AllStars, in conjunction with another Google tool called Scorecard, ensures that project maintainers’ security settings remain right, according to Jeff Mendoza, Google’s technical lead on Allstar. Scorecard evaluates projects based on 18 criteria, including whether they are frequently maintained, if they automatically update dependencies, and whether they employ a fuzzing system to detect easy-to-find bugs.
“Scorecard attempts to shine a light on adoption, and encourages a high score,” he says. “Allstar helps when your project or organization spans many repositories, and it’s too cumbersome to ensure all the right settings and practices are set up on every repository.”
According to Mendoza, the technology allows developers to defend their projects against persistent attacks. “With the huge popularity of open source, attackers see a compromised project as a way to infiltrate both closed and open systems,” he says. “Since open source is rarely a live running system, attacks are on the supply-chain side: either compromising the code base, or injecting a compromise somewhere between the code and where the project is built and used on other systems.”

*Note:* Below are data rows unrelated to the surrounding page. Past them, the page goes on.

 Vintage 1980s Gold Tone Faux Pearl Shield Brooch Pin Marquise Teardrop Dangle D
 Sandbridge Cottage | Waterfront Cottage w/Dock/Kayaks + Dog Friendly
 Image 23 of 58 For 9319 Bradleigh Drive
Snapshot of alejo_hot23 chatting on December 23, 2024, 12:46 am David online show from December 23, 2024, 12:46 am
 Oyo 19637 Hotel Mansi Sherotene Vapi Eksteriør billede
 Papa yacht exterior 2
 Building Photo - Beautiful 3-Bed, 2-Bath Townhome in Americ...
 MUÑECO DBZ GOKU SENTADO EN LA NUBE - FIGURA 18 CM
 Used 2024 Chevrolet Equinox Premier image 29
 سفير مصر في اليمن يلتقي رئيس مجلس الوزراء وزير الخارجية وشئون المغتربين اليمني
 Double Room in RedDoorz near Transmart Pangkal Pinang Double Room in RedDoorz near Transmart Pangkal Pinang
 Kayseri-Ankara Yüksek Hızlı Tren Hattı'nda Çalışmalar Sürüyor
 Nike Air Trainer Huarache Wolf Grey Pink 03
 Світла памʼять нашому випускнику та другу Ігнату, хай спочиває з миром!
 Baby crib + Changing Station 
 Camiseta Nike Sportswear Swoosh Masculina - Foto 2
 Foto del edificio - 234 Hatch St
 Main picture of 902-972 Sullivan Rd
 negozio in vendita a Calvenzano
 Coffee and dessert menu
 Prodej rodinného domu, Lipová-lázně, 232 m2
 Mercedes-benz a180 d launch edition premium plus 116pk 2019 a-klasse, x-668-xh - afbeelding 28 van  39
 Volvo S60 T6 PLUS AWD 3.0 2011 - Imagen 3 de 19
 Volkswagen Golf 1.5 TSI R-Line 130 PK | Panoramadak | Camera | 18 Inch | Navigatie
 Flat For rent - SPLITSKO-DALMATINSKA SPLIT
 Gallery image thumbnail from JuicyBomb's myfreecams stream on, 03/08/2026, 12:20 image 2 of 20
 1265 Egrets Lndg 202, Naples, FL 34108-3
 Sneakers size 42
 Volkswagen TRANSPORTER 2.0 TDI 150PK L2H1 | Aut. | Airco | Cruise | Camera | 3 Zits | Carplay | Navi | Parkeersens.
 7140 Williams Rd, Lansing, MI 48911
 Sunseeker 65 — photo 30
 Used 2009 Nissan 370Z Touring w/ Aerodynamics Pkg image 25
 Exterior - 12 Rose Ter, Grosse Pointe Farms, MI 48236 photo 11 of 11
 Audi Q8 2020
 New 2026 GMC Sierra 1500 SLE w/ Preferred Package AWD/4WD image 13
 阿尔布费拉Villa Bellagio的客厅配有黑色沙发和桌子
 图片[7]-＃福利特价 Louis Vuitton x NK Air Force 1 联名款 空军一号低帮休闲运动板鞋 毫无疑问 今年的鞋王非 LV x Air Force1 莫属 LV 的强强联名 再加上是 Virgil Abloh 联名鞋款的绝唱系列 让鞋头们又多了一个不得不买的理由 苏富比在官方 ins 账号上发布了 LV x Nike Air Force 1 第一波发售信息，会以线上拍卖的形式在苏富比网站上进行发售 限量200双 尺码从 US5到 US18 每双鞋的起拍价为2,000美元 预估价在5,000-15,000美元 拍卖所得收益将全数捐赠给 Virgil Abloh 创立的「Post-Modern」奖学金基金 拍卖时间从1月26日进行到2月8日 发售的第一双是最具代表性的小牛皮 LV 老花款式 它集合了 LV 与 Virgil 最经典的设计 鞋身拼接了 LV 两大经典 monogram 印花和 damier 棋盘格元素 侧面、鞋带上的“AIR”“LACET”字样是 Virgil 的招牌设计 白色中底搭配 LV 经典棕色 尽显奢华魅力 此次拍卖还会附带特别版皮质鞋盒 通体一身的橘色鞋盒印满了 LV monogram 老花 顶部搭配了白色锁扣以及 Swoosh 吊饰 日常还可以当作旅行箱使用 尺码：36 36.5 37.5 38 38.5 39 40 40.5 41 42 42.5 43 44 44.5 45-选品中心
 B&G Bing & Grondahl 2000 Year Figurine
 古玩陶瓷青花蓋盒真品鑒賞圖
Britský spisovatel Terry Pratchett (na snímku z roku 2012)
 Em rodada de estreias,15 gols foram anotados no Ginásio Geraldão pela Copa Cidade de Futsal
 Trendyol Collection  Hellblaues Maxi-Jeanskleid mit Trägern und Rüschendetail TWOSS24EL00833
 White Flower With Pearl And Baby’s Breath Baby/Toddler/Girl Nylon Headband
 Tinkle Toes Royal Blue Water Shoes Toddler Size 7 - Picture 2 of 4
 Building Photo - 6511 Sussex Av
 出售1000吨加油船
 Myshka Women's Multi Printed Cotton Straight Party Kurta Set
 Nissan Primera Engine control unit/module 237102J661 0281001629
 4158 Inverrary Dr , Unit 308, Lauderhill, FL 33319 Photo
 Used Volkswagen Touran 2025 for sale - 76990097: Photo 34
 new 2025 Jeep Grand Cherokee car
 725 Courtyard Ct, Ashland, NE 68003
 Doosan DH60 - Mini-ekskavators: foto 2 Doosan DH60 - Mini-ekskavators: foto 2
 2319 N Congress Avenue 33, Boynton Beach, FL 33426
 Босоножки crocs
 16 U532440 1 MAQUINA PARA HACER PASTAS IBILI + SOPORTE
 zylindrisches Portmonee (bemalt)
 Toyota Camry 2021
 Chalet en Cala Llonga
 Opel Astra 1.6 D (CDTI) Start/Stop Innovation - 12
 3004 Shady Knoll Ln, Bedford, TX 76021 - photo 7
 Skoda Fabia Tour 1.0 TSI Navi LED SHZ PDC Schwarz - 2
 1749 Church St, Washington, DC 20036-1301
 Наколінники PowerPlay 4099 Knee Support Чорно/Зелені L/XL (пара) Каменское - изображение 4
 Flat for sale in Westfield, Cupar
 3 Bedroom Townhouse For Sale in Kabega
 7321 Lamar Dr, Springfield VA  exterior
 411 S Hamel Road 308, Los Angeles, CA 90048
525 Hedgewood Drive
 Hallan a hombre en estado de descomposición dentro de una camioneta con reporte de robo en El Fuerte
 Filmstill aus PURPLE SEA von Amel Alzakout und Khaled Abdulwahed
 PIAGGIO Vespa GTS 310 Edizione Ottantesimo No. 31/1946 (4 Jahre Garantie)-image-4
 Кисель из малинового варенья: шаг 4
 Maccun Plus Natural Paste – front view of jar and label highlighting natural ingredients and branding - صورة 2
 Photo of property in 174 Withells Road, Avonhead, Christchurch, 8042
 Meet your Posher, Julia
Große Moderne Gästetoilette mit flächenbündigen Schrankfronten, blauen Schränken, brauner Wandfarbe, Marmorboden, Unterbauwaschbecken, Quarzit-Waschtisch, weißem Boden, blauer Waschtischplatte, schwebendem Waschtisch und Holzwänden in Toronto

Developers who want to use the tools should start by automating dependency updates testing with tools like Dependabot to identify software components with weak security that are included in their applications.
Will the availability of basic tools to monitor the condition of open-source software’s security be sufficient? It’s not difficult to improve the security of such components; all it takes is the proper tools and developers to utilise them, according to Mendoza.
“The supply chain attacks we have seen have been analyzed, and many could have been prevented by following existing best practices,” he says. “The solutions to these issues are neither unknown, nor difficult. The problem we see is adoption, not all projects are using the tools and procedures to achieve the highest security.”